== Instructions for the task ==
Copy exactly the lines from the beginning of the data down to and including the line holding "Vuurtoren - Duinen", without any pictures.

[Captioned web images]
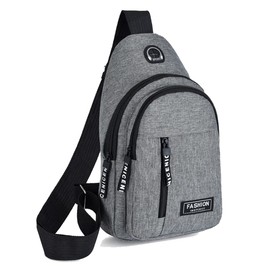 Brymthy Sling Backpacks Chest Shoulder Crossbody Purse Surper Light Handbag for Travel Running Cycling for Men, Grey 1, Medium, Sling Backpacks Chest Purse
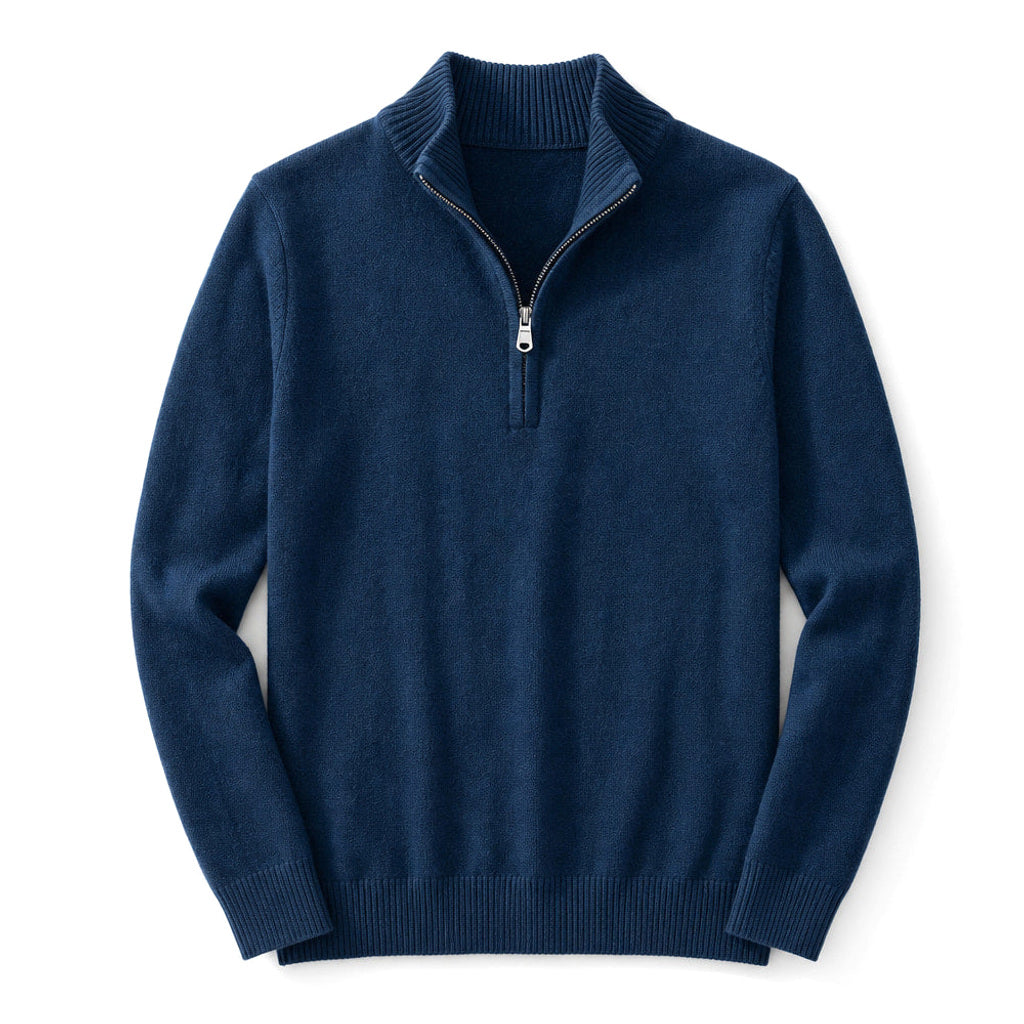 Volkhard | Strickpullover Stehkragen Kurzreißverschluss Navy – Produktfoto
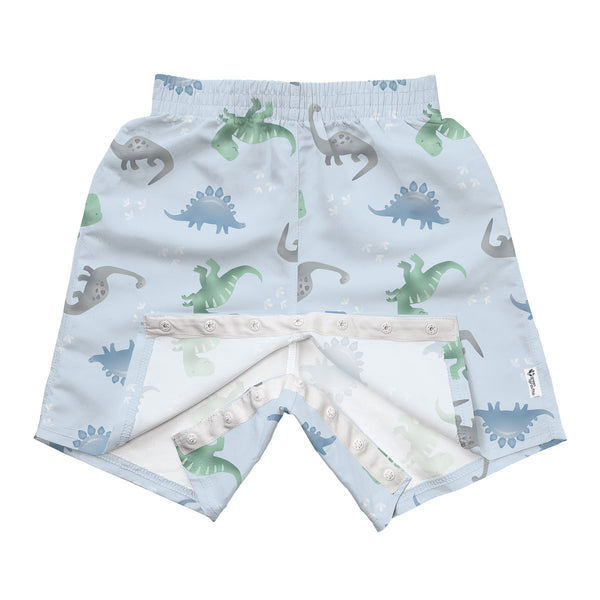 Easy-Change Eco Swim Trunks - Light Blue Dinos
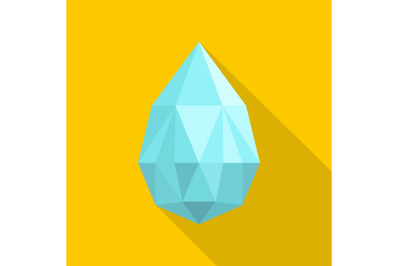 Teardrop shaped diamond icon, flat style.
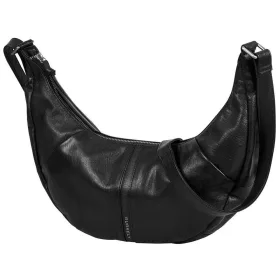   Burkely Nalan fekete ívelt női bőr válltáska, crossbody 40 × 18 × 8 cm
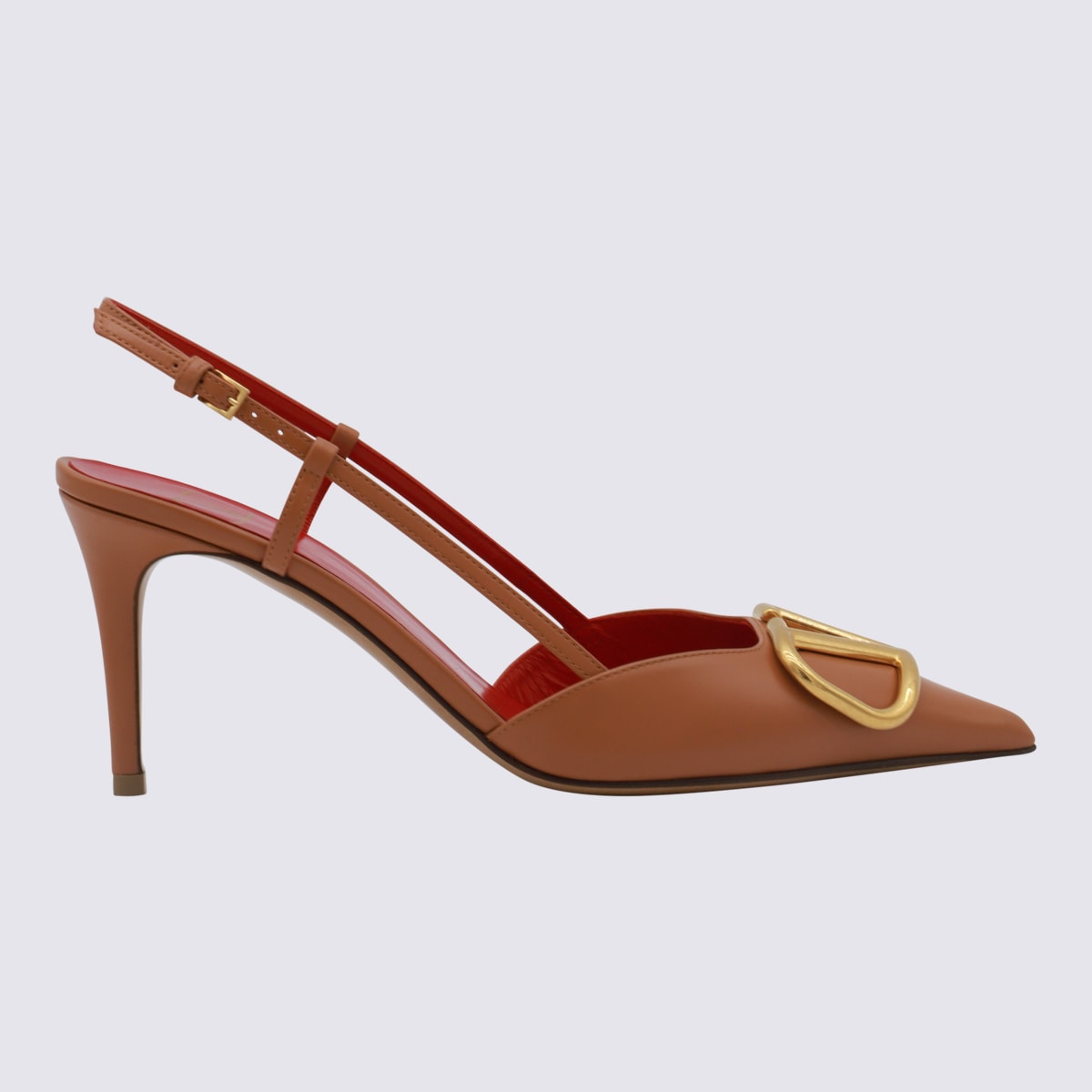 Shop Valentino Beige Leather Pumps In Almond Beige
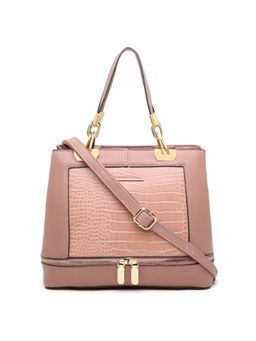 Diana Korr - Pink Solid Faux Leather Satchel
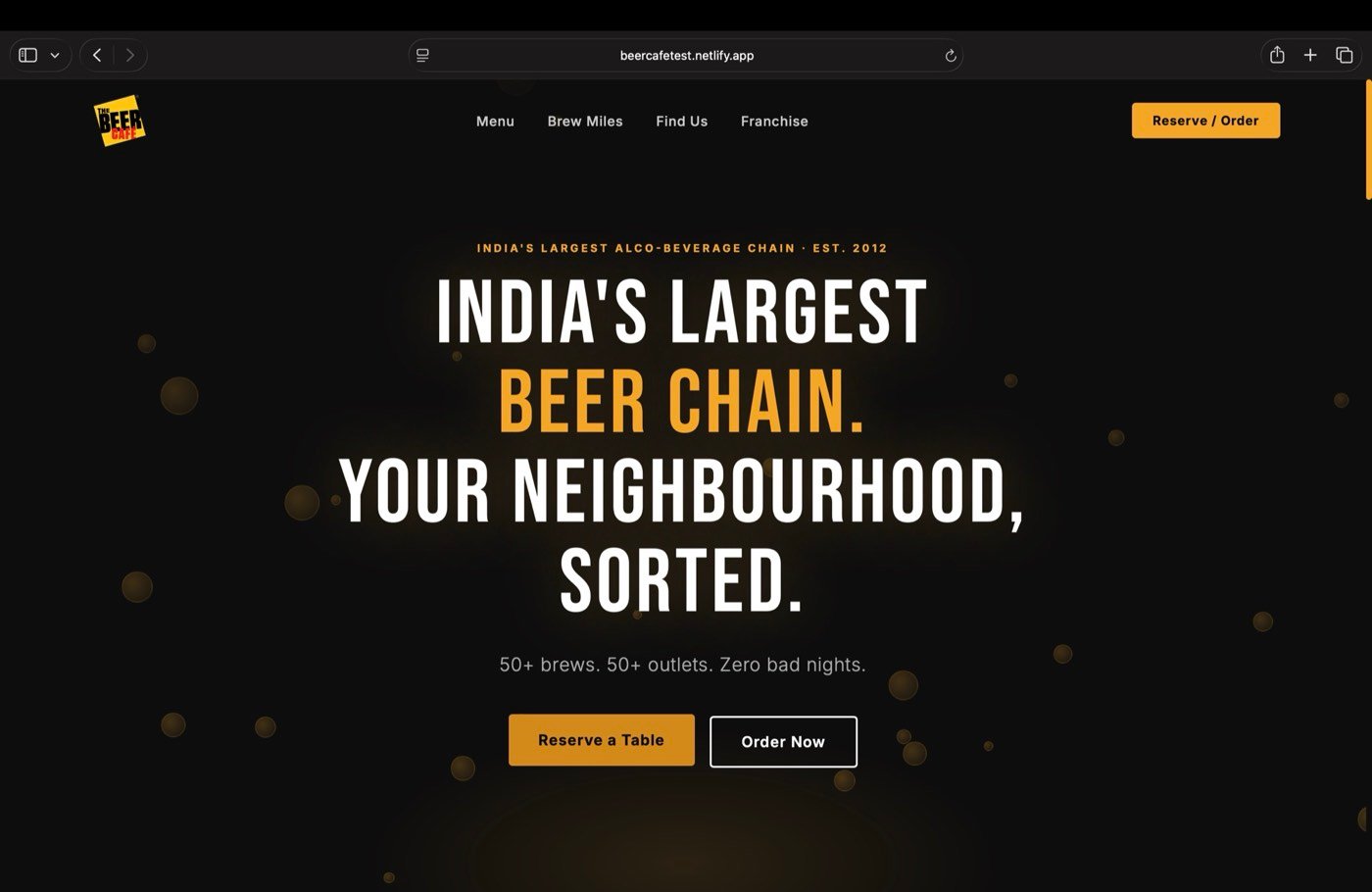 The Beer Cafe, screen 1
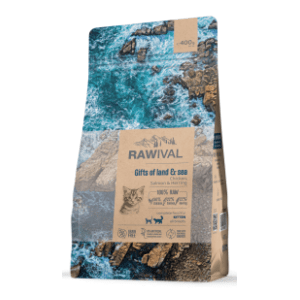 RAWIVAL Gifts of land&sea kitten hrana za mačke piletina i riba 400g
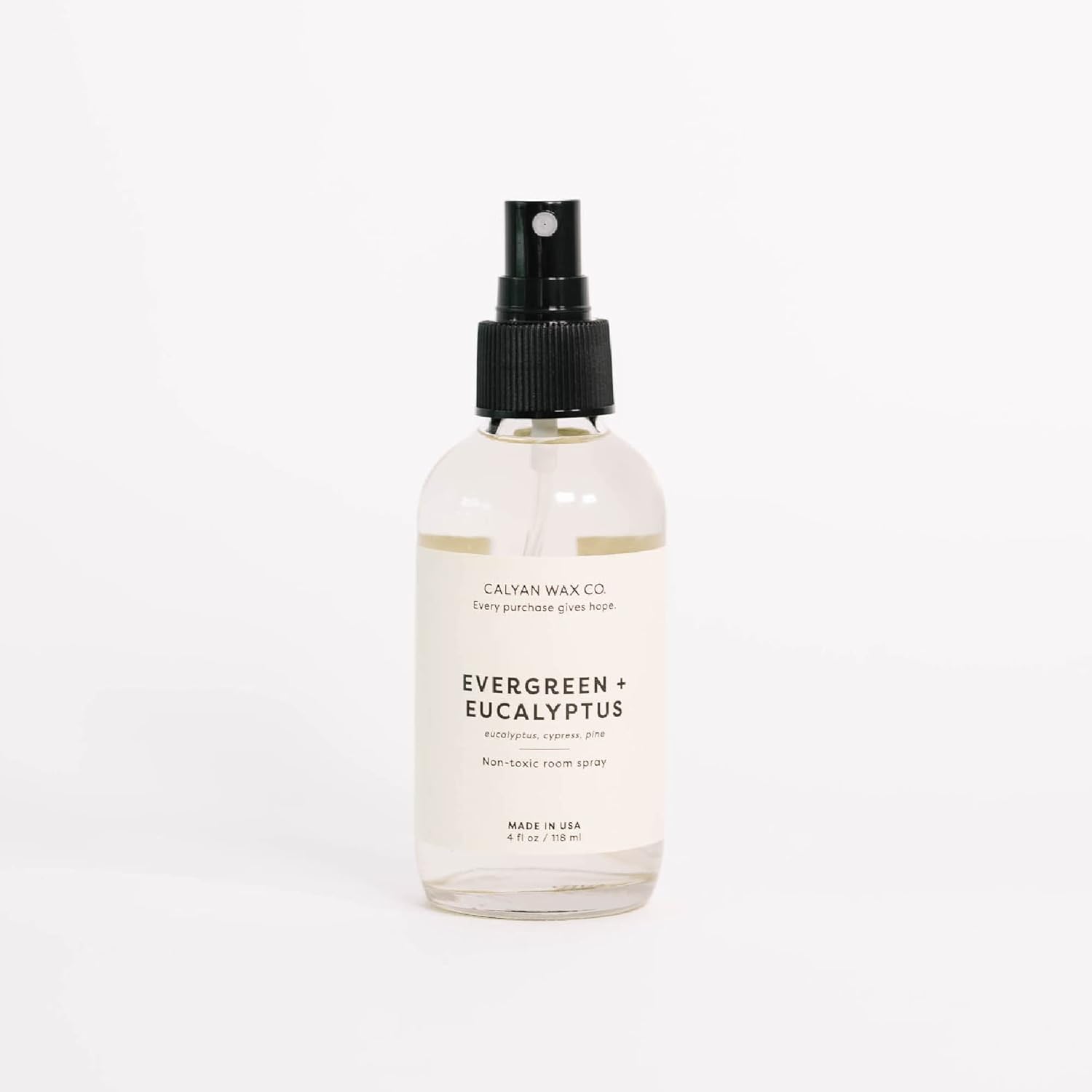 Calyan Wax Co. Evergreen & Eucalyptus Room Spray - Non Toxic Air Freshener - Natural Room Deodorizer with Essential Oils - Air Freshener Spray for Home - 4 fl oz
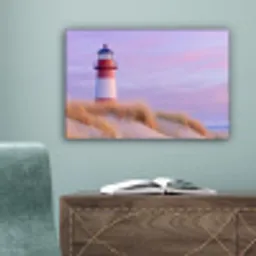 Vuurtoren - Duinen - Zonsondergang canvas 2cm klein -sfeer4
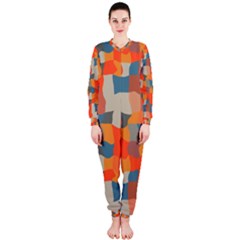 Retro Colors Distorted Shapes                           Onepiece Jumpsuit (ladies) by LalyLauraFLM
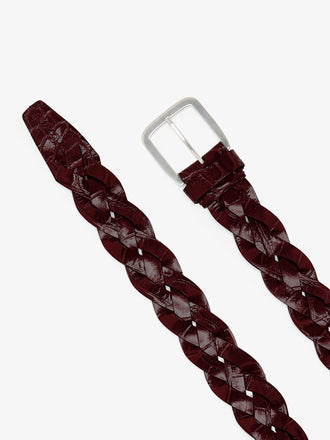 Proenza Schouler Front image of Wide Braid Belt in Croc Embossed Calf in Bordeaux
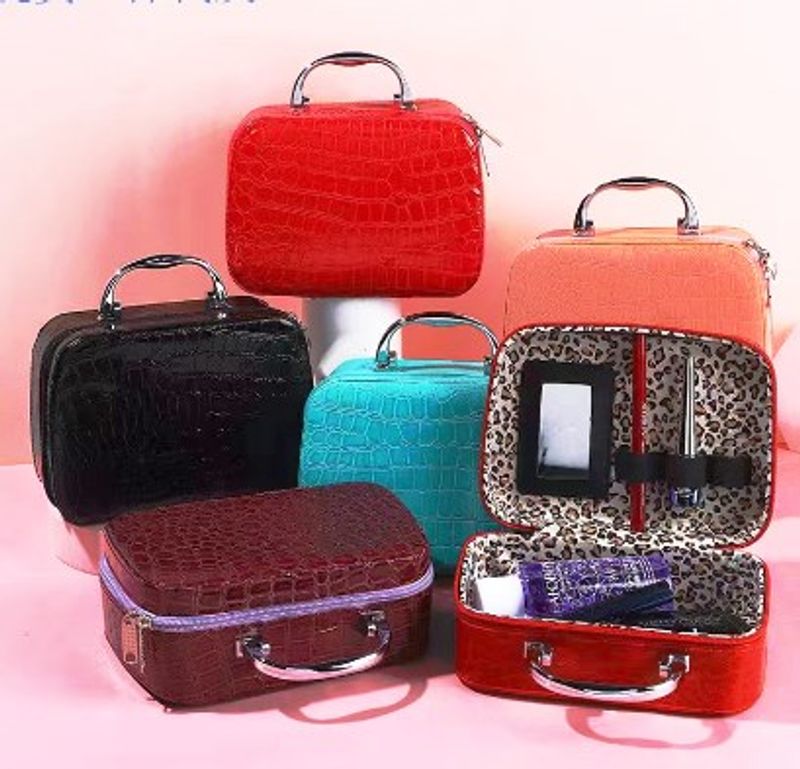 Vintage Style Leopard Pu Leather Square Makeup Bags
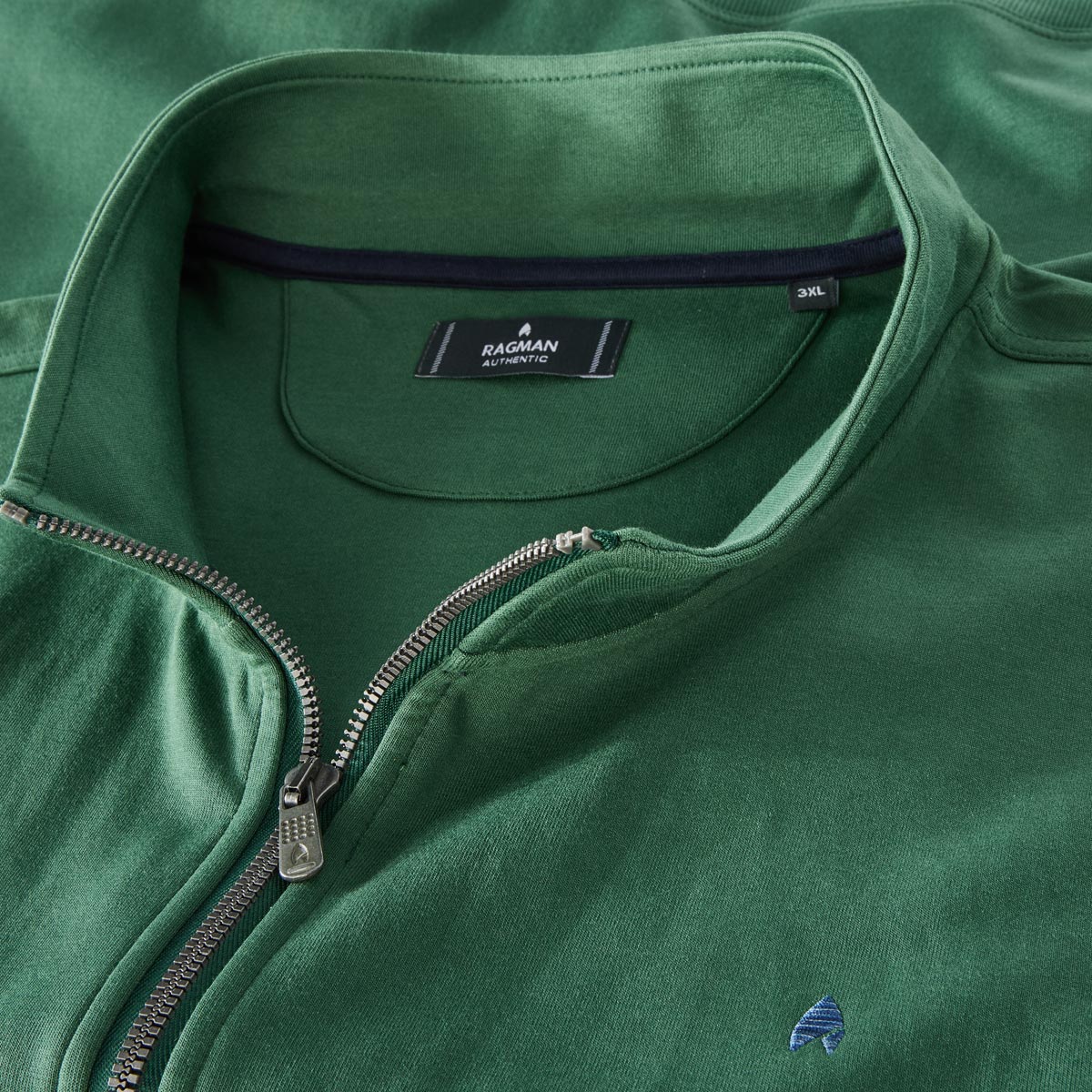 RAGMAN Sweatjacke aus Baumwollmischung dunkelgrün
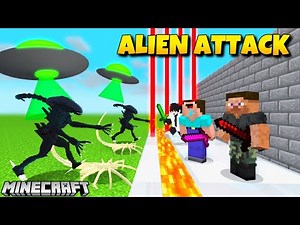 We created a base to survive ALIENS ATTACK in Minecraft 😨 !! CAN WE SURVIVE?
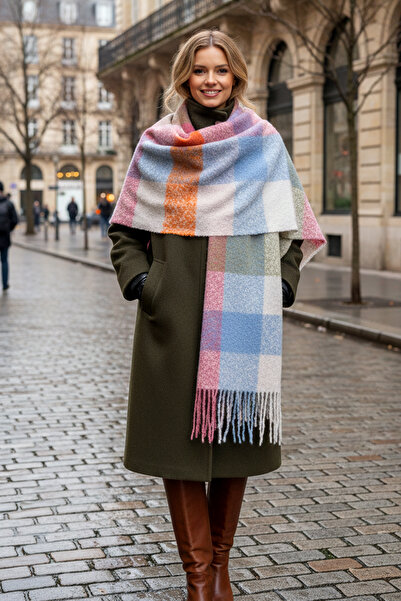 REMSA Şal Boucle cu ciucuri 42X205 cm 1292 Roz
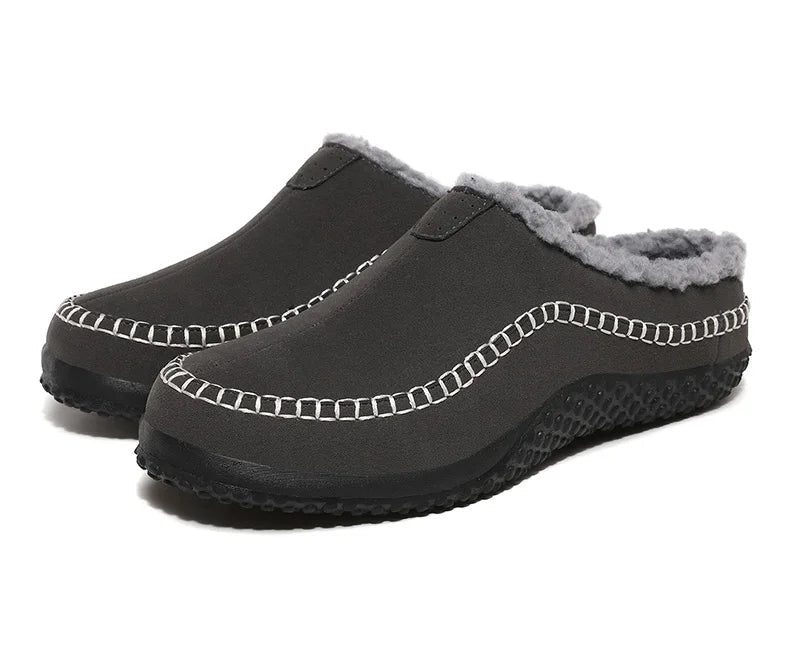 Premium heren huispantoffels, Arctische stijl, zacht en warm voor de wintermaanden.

== Written solution ==
 Brymthy Sling Backpacks Chest Shoulder Crossbody Purse Surper Light Handbag for Travel Running Cycling for Men, Grey 1, Medium, Sling Backpacks Chest Purse
 Volkhard | Strickpullover Stehkragen Kurzreißverschluss Navy – Produktfoto
 Easy-Change Eco Swim Trunks - Light Blue Dinos
 Teardrop shaped diamond icon, flat style.
   Burkely Nalan fekete ívelt női bőr válltáska, crossbody 40 × 18 × 8 cm
 Shop Valentino Beige Leather Pumps In Almond Beige
 Diana Korr - Pink Solid Faux Leather Satchel
 The Beer Cafe, screen 1
 RAWIVAL Gifts of land&sea kitten hrana za mačke piletina i riba 400g
 Calyan Wax Co. Evergreen & Eucalyptus Room Spray - Non Toxic Air Freshener - Natural Room Deodorizer with Essential Oils - Air Freshener Spray for Home - 4 fl oz
 Vuurtoren - Duinen - Zonsondergang canvas 2cm klein -sfeer4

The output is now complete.